[Ocfs2-users] 6 node cluster with unexplained reboots

Wed Aug 15 17:43:14 PDT 2007

> -----Original Message-----
> From: Mark Fasheh [mailto:mark.fasheh at oracle.com]
> Sent: Wednesday, August 15, 2007 16:49
> To: Ulf Zimmermann
> Cc: Sunil Mushran; ocfs2-users at oss.oracle.com
> Subject: Re: [Ocfs2-users] 6 node cluster with unexplained reboots
> 
> On Mon, Aug 13, 2007 at 08:46:51AM -0700, Ulf Zimmermann wrote:
> > Index 22: took 10003 ms to do waiting for write completion
> > *** ocfs2 is very sorry to be fencing this system by restarting ***
> >
> > There were no SCSI errors on the console or logs around the time of
this
> > reboot.
> 
> It looks like the write took too long - as a first step, you might
want to
> up the disk heartbeat timeouts on those systems.
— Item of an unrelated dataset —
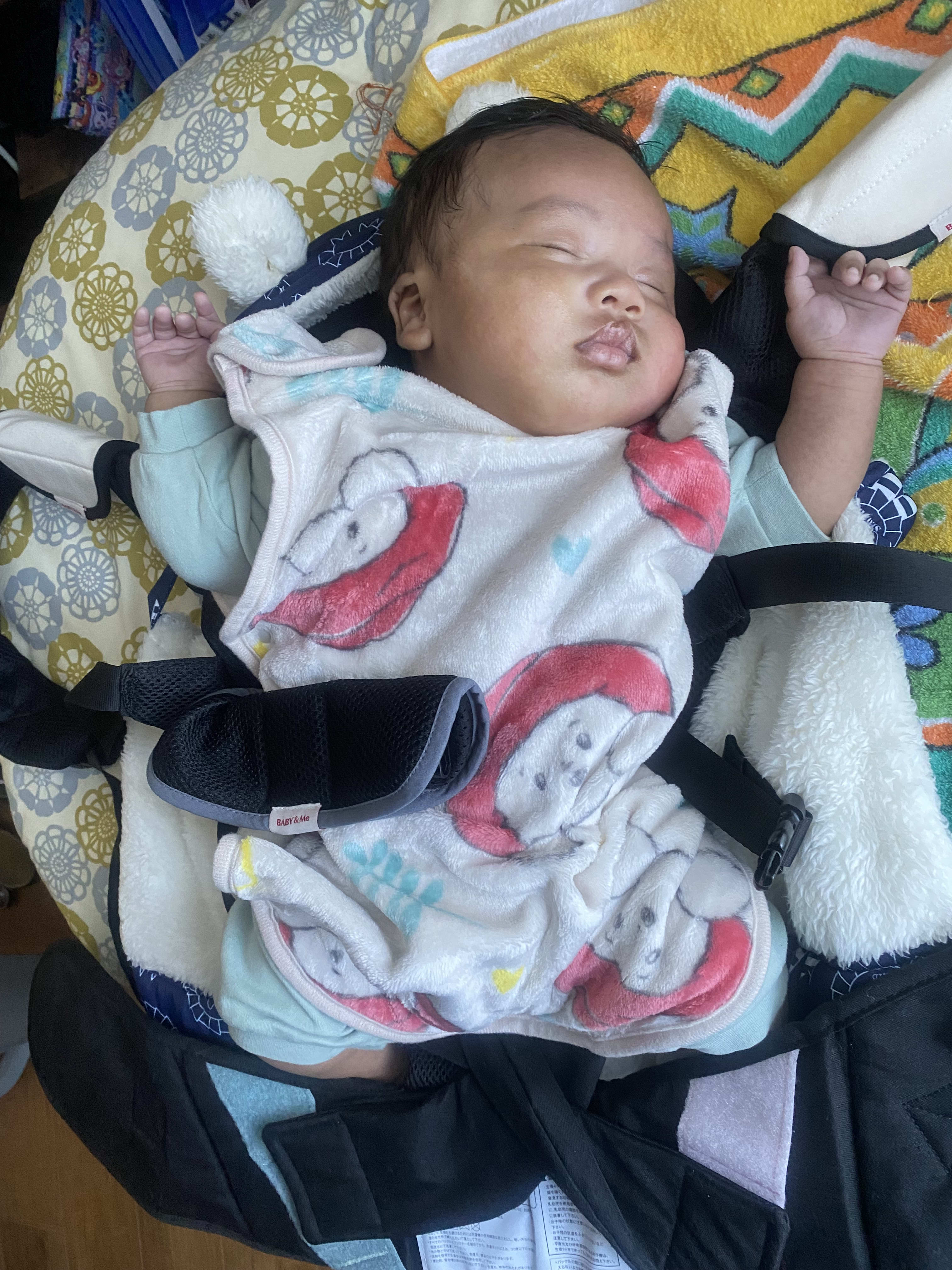 Too relaxed in the baby carrier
Run:
> 
> $ /etc/init.d/o2cb configure
> 
> on each node to do that. That won't hide any hardware problems, but if
the
> problem is just a latency to get the write to disk, it'd help tune it
> away.
> 	--Mark

The SAN is a 3Par E200, which does write into cache on its two
controllers, then acknowledges a write and then writes it actually to
disk. I have not found any reason for this delay yet, so sofar I am
stumped why it had such a long delay writing.

Ulf.